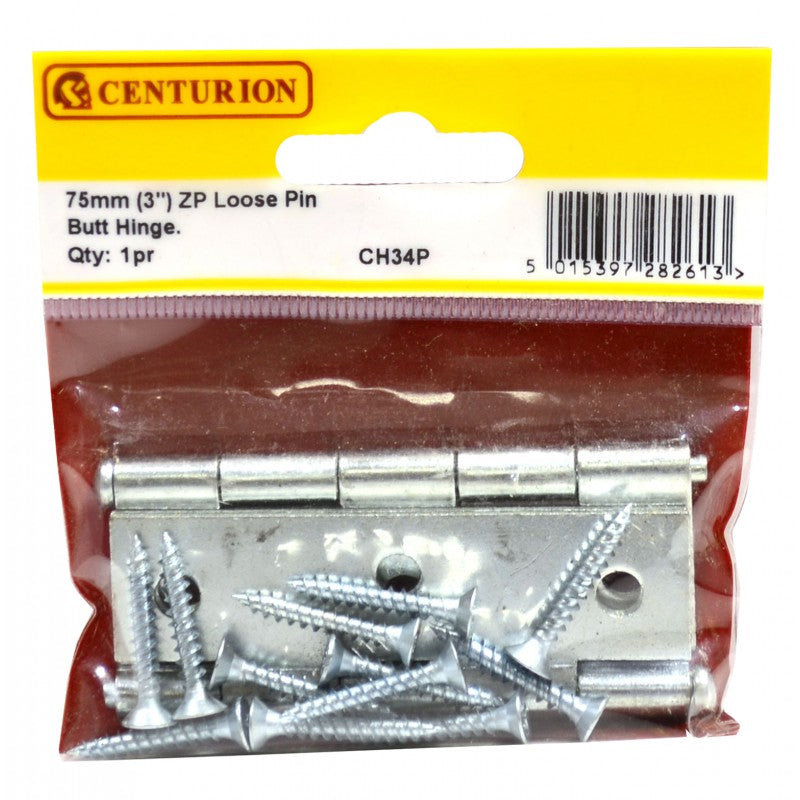 75mm ZP Loose Pin Steel Butt Hinges (1 pair)
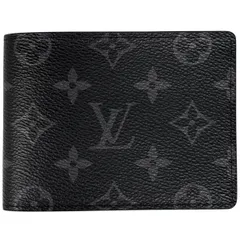 ルイ・ヴィトン Louis Vuitton ポルトフォイユ ミュルティプル 札入れ カード入れ 二つ折り財布 モノグラムエクリプス ブラック M61695 メンズ 【中古】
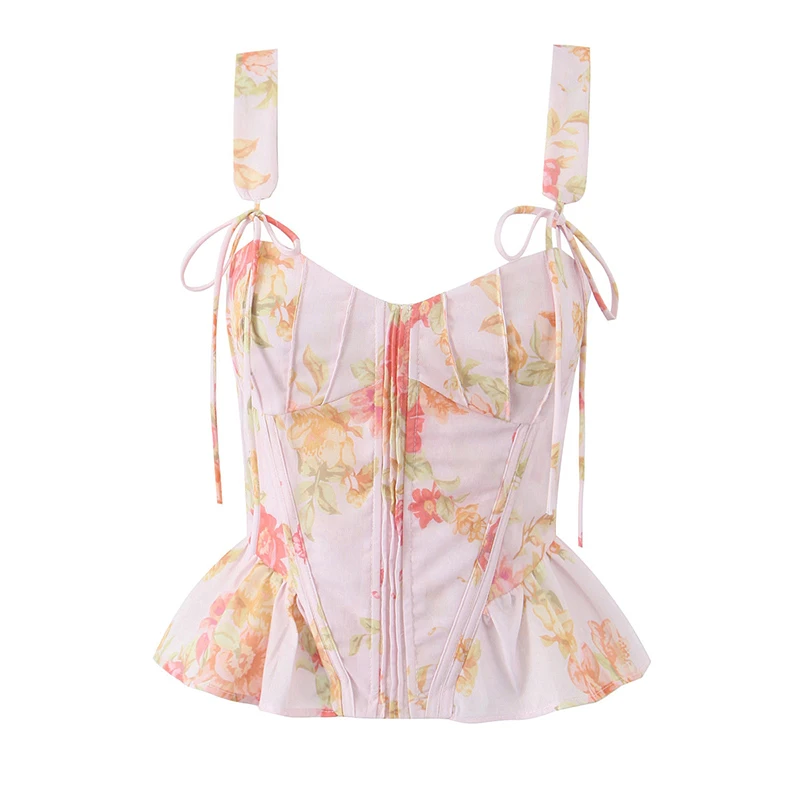 YENKYE New Women Floral Print Pink Bone Slim Tank Top Pleated Ruffle Hem Summer Corset Crop Top Holiday ropa de mujer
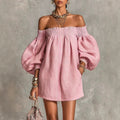 Off-the-shoulder Lantern-sleeve A-line Loose-fit Mini Dress by Ricaloux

[Required action]
From the line containing "YENKYE New Women" down to the end of the listing above, every line is to be returned exactly, though the pictures are not.

[Reply]
 YENKYE New Women Floral Print Pink Bone Slim Tank Top Pleated Ruffle Hem Summer Corset Crop Top Holiday ropa de mujer
 Off-the-shoulder Lantern-sleeve A-line Loose-fit Mini Dress by Ricaloux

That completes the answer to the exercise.